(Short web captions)

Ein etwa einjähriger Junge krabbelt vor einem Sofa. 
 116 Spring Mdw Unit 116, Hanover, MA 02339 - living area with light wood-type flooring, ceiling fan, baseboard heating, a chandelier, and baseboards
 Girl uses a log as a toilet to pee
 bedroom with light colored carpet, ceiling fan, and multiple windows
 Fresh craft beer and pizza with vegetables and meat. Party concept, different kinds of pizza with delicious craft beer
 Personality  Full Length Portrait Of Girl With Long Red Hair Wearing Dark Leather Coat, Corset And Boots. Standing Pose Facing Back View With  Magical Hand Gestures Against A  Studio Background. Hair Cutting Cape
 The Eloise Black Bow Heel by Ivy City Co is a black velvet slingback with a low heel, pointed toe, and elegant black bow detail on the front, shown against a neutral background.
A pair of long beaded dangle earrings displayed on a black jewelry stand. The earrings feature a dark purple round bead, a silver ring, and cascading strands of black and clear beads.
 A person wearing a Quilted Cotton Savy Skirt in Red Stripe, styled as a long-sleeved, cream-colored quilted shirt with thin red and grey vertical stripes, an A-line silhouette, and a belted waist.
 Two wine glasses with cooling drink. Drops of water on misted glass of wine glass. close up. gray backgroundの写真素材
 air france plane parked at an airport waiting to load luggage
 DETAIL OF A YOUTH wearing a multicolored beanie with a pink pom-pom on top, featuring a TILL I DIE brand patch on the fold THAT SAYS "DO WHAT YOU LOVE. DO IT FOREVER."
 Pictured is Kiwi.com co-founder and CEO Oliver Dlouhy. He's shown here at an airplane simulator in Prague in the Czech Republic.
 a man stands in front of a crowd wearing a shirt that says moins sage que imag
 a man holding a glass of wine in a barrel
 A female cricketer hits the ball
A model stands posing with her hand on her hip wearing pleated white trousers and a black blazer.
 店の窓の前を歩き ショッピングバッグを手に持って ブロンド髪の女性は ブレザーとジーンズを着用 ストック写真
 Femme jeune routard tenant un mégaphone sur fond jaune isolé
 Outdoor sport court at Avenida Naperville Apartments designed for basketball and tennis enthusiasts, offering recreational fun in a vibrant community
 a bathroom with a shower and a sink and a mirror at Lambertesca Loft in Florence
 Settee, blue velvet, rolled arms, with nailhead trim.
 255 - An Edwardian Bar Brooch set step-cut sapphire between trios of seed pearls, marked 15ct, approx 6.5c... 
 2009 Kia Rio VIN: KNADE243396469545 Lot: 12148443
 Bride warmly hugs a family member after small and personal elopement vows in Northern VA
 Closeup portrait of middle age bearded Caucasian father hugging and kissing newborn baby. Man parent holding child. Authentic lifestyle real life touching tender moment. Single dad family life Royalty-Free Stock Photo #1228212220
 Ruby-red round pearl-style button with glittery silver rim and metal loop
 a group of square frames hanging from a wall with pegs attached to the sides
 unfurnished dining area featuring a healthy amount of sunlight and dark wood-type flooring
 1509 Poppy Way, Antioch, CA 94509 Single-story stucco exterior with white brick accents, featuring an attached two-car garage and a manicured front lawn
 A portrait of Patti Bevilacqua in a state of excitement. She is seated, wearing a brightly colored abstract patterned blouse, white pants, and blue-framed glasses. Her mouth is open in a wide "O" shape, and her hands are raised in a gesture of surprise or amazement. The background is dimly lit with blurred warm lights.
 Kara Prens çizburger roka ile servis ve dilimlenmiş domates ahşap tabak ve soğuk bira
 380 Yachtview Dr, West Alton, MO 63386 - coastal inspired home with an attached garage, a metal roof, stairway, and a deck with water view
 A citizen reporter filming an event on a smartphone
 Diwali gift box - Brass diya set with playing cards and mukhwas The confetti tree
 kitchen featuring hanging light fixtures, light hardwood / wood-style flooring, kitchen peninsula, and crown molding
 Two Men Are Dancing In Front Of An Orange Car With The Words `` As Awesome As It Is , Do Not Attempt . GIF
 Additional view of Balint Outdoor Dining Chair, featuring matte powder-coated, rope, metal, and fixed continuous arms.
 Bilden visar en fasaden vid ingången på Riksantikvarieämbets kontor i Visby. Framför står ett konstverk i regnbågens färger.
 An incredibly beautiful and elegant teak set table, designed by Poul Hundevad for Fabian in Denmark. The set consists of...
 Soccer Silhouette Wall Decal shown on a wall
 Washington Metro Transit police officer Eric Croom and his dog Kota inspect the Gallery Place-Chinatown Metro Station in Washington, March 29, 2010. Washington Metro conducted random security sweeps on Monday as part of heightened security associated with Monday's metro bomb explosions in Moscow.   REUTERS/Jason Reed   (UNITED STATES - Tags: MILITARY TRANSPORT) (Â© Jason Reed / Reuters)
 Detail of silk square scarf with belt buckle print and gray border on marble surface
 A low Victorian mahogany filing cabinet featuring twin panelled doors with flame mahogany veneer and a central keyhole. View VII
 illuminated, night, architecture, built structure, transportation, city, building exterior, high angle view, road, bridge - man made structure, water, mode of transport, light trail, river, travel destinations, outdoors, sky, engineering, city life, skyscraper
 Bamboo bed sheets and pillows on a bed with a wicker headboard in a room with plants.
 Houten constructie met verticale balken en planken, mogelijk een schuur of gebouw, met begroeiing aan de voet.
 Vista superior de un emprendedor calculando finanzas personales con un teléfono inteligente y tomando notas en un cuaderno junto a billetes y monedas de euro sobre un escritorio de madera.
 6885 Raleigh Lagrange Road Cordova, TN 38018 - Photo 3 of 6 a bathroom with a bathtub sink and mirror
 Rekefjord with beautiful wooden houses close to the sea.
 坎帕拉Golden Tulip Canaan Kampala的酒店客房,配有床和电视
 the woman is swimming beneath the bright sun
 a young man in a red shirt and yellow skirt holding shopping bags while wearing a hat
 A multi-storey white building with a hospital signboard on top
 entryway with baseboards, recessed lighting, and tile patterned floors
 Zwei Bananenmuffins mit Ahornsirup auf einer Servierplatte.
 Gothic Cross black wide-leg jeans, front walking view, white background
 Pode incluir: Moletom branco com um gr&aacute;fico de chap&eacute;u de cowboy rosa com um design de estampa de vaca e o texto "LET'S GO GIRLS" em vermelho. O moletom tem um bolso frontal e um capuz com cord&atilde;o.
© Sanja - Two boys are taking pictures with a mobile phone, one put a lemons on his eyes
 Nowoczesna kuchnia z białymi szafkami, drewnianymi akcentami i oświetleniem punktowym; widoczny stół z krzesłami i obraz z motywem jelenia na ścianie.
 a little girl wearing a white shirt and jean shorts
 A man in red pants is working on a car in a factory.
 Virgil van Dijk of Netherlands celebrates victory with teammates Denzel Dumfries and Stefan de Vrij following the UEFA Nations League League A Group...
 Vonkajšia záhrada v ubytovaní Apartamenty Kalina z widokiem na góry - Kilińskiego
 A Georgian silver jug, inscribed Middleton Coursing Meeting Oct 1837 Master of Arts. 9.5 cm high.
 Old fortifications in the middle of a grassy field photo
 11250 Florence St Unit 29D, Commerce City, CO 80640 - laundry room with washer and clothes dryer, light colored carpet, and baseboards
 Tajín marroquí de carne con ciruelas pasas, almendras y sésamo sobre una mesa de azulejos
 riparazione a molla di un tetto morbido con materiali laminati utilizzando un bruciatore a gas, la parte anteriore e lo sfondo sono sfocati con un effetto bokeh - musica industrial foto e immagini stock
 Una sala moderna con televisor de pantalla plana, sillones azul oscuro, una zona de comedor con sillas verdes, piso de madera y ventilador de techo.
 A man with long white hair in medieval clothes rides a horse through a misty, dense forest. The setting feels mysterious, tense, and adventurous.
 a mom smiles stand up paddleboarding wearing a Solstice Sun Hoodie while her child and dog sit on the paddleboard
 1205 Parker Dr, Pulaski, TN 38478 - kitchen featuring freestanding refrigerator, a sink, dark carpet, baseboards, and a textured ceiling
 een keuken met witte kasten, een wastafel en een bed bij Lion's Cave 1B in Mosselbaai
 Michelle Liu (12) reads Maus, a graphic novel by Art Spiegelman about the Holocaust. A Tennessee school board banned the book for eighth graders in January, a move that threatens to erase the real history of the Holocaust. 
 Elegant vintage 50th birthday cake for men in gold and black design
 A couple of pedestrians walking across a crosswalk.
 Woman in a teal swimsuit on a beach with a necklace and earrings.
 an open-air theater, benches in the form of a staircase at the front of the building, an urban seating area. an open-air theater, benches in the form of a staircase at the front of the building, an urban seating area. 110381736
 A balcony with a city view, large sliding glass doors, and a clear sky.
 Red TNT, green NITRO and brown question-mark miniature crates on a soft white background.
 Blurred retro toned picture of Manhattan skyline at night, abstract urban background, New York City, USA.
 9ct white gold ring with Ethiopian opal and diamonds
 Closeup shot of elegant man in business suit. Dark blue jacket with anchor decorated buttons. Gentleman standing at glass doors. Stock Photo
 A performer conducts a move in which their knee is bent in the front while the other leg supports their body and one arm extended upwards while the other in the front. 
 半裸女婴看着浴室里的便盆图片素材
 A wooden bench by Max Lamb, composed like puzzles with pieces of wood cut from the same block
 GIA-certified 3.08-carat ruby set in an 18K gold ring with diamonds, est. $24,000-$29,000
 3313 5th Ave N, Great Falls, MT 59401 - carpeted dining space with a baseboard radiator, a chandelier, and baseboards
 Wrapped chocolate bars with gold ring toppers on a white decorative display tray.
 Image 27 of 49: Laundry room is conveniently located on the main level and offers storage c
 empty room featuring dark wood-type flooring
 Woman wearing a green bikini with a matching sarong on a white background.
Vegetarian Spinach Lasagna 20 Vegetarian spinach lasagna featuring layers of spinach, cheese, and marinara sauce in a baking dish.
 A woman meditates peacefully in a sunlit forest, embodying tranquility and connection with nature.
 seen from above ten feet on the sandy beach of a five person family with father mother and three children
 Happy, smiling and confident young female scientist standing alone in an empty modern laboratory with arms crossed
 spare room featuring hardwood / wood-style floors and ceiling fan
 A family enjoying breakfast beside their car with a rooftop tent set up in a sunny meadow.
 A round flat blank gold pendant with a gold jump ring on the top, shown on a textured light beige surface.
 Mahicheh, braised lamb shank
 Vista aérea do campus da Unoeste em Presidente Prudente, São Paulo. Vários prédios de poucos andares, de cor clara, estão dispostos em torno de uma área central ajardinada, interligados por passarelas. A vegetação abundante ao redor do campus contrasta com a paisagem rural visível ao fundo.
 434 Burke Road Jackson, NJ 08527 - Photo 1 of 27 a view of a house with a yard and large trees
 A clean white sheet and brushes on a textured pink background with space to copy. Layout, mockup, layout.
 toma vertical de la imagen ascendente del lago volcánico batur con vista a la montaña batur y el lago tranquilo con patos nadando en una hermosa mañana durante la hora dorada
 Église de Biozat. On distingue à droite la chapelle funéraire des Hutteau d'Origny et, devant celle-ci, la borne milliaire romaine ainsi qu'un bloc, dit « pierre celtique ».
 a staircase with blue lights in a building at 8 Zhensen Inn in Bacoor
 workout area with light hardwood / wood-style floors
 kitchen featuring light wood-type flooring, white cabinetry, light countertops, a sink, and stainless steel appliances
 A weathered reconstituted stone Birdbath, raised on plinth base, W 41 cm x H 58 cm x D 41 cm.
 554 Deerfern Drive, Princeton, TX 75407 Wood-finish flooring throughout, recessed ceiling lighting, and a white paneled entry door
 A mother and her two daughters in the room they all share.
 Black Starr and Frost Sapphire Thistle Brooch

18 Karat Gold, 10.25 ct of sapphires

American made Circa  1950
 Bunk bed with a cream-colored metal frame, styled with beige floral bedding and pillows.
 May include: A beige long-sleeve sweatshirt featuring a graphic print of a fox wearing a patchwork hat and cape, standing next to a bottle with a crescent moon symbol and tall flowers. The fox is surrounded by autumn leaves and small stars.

**Work required**
Once you find the line with "Vegetarian Spinach Lasagna 20" above, print it and every line after it up to and including the line with "Vista aérea do", exactly as written and nothing else.

**Result of this task**
Vegetarian Spinach Lasagna 20 Vegetarian spinach lasagna featuring layers of spinach, cheese, and marinara sauce in a baking dish.
 A woman meditates peacefully in a sunlit forest, embodying tranquility and connection with nature.
 seen from above ten feet on the sandy beach of a five person family with father mother and three children
 Happy, smiling and confident young female scientist standing alone in an empty modern laboratory with arms crossed
 spare room featuring hardwood / wood-style floors and ceiling fan
 A family enjoying breakfast beside their car with a rooftop tent set up in a sunny meadow.
 A round flat blank gold pendant with a gold jump ring on the top, shown on a textured light beige surface.
 Mahicheh, braised lamb shank
 Vista aérea do campus da Unoeste em Presidente Prudente, São Paulo. Vários prédios de poucos andares, de cor clara, estão dispostos em torno de uma área central ajardinada, interligados por passarelas. A vegetação abundante ao redor do campus contrasta com a paisagem rural visível ao fundo.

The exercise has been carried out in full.